- WHAT THE TASK REQUIRES
Please transcribe the data exactly, with nothing left out.

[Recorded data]
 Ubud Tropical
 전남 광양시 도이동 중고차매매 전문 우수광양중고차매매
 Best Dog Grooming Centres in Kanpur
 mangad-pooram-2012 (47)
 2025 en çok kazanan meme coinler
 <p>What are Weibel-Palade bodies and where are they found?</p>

- YOUR SOLUTION
 Ubud Tropical
 전남 광양시 도이동 중고차매매 전문 우수광양중고차매매
 Best Dog Grooming Centres in Kanpur
 mangad-pooram-2012 (47)
 2025 en çok kazanan meme coinler
 <p>What are Weibel-Palade bodies and where are they found?</p>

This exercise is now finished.